I was talking to Leland yesterday and he mentioned having seen this thread and reminded me of a day we spent fishing a north Sound beach. He had fished up the beach around a point and out of sight. On his return he found me scuttling around the beach, camera in hand and talking to a couple of Black Oystercatchers. Bizarre behavior, true, but I did get a couple of good pictures.
I really enjoy all the variety of birds you see here in the NW. I can't tell you what a kick I get out of watching eagles and osprey catching fish out of the lakes.
I work in the Phantom Lake area of Bellevue. A while ago I noticed a hawk that is perched in the trees that line a field on my way to work. Now I look for it every day.
A few weeks ago while driving by the field I saw to pair of bald eagles circling overhead. I stopped on the side of the road and got out my cheapo binocs and watched them for a while. What magnificent creatures.
Another bird I've come to enjoy are the swallows and their acrobatic flying abilities. I seem to remember reading here that they are a good indicator of insect life when you're lake fishing.

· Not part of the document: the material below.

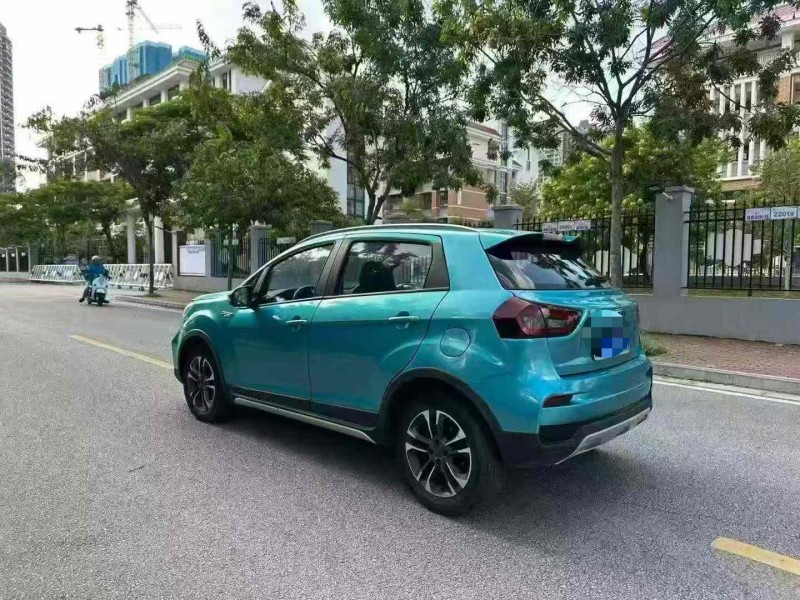 南宁19年吉利远景7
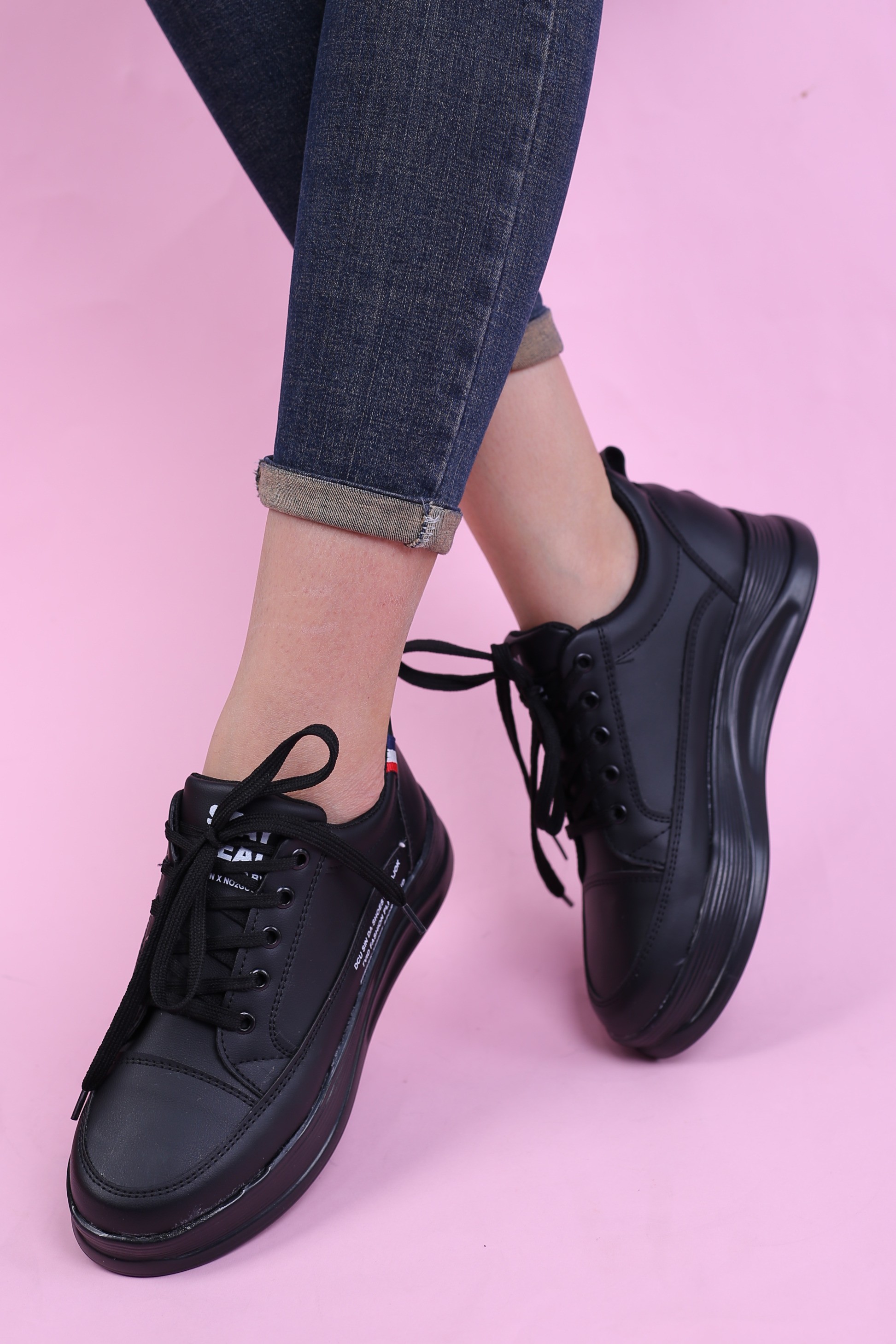 کفش اسپرت زنانه تامی پرچمی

Anyways, yes, birds are an unexpected and beautiful diversion.
any one ever get the sun at their backs, in the evening or morning, and wait for a hawk to pass in front of you so you can make squeaky noises? i have had some close calls where i think i ended up being more startled than the bird at the last second. its a great way to get a closer look at any bird of prey, and they usually hit the brakes and come looking for you every time.:thumb:
i had this eagle come down and take a good hard look at the guy hiding in the bushes making the squeaking noise, and then bank almost straight up the tree and land. its amazing how agile these guys are in the air.

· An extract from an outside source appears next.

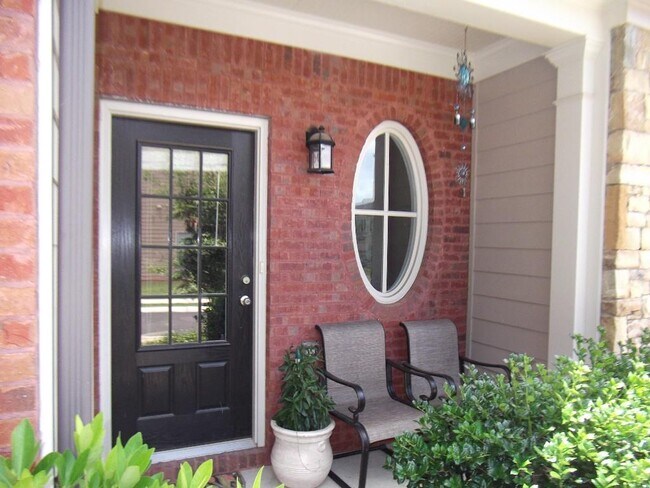 Building Photo - 1530 Queens Ln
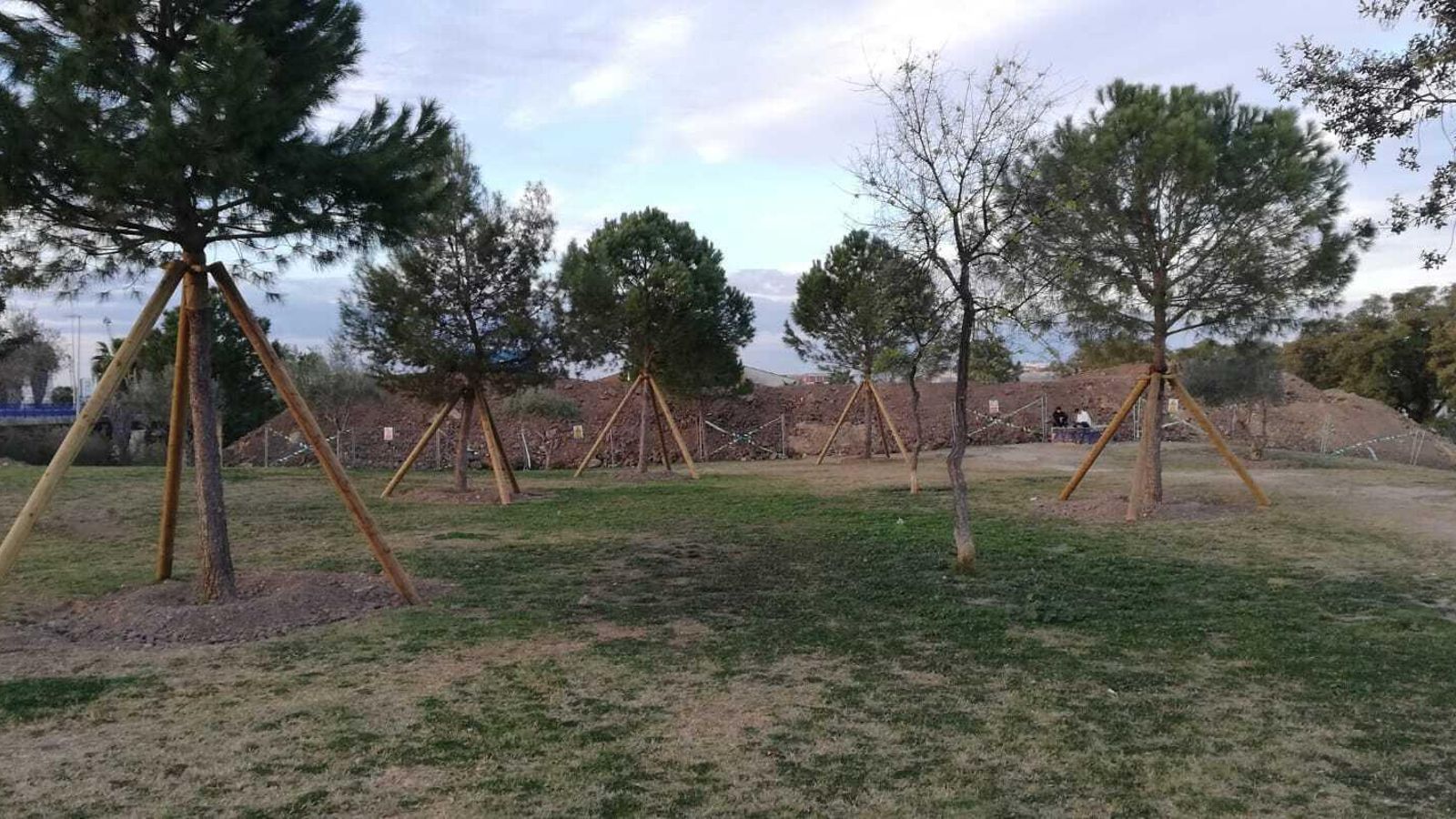 Otra imagen del colector en la zona del Parque del Guadaíra en Heliópolis.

Rarest for me has been a Snowy Owl & a pair of Loggerhead Shrikes . . . saw all of these on the Hanford Reach. Watched a couple Ravens one time in the fall after an early wet snow . . . grasshoppers had taken refuge in a pasture under cow pies. The Ravens would flip the pies over & gobble-up the sluggish hoppers . . . ate so many they could hardly fly. When I lived on Oyster Bay in Bremerton, Gulls & Crows would regularly catch clams at low tide, then swoop upwards over my concrete retaining wall & drop the clams to break the shell. Just finished watching a pair of Robins in the back yard dining on nightcrawlers . . . they seem to know my watering schedule . . .
The gray jay, more commonly known as the camp robber, can be a real nuisance. When I used to do a lot of backcountry skiing, a lunch break, even in the dead of winter, would usually draw anywhere up to a dozen of these hungry little thieves who, given the opportunity, would try to snatch food right out of your hand.
. . . so named for good reason. Like crows & magpies, they also have a fondness for shiny objects & have been known to spirit small items such as keys, brass shell casings, lures, etc off to their nest.
So, this weekend, the peregrines put on a real show for those of us lucky enough to be in the right spot. Day one, a peregrine picked off a smaller bird, possibly a RWBB, and took it back to the cliff area. This is typical of a mating pair, where the male (tercel) takes an offering back to the female (falcon) and they get pretty darn vocal with the "kekking". Second day, A small duck (bufflehead?) over the water. Hit the bird, took it to a rock wall just up from the water, repositioned the kill and flew off with it to the cliff. In both cases, it sounded like a jet while in the stoop. You actually heard the whoosh before you saw the bird.